A cancer tumour that has been through all forms of medical treatment may seem indestructible, but scientists are busy finding new weaknesses.

A genetic study of tumours in almost 500 cancer patients may identify new points of attack for future treatments.

“We offer treatments to patients that have no other treatment options left. In a phase-1 unit like ours, we can test new options that haven’t been used in people before,” says Ph.D. student Ida Elisabeth Viller Tuxen from the Department of Oncology at Rigshospital, Denmark.

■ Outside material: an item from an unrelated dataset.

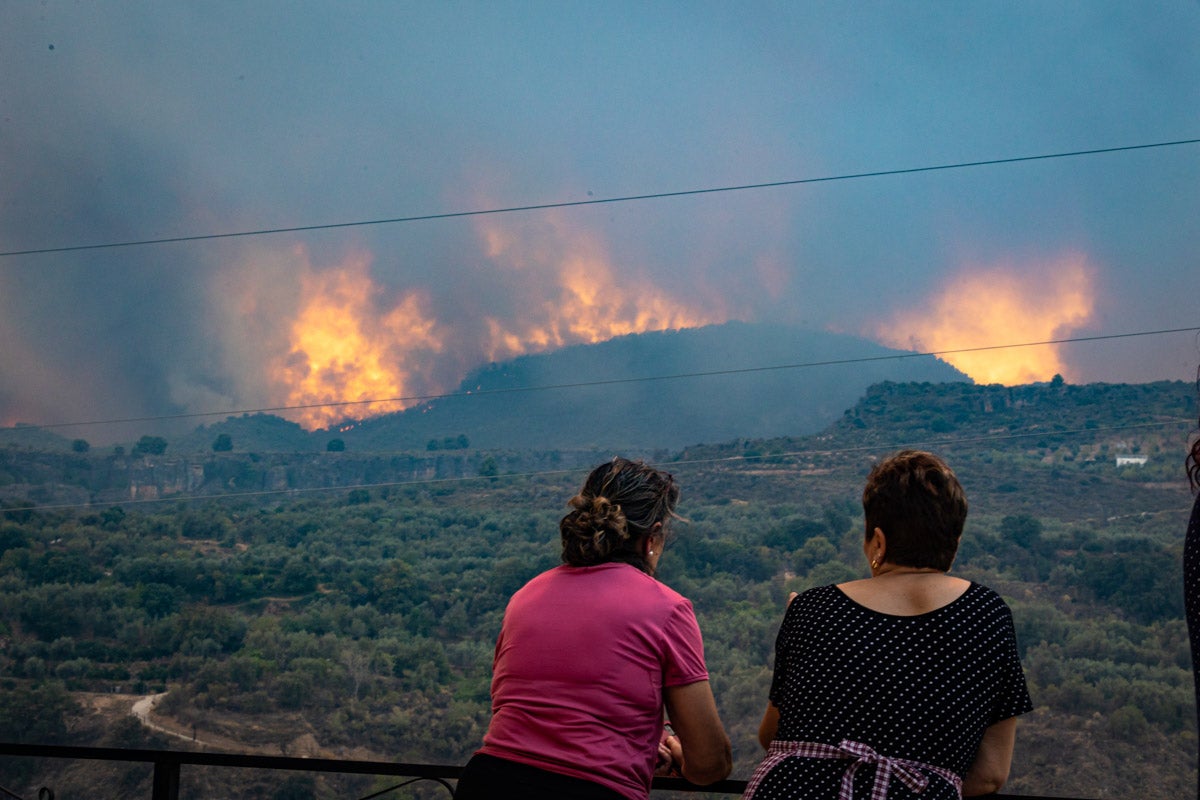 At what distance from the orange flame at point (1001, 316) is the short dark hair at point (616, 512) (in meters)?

The tests are carried out within a specialised department called the Phase-1 Unit where the scientists conduct initial human trials of new medicines and treatments. 

Genes provide new avenues of attack

The project, called the Copenhagen Prospective Personalised Oncology (CoPPO), began in 2013, when the scientists made a genetic profile of cancer tumours in 30 patients. They identified possible targets for future treatments in 15 of these patients.

“Normally, patients would receive a random phase-1 treatment. But now we make a genomic profile of their tumour to decide which trial suits their tumour best. Patients then have the option to either receive a phase-1 treatment that is matched to their tumour, or a drug approved for another type of cancer that they can get off-label,” says Tuxen.

Off-label refers to drugs that are prescribed for other diseases or conditions than they were originally intended for.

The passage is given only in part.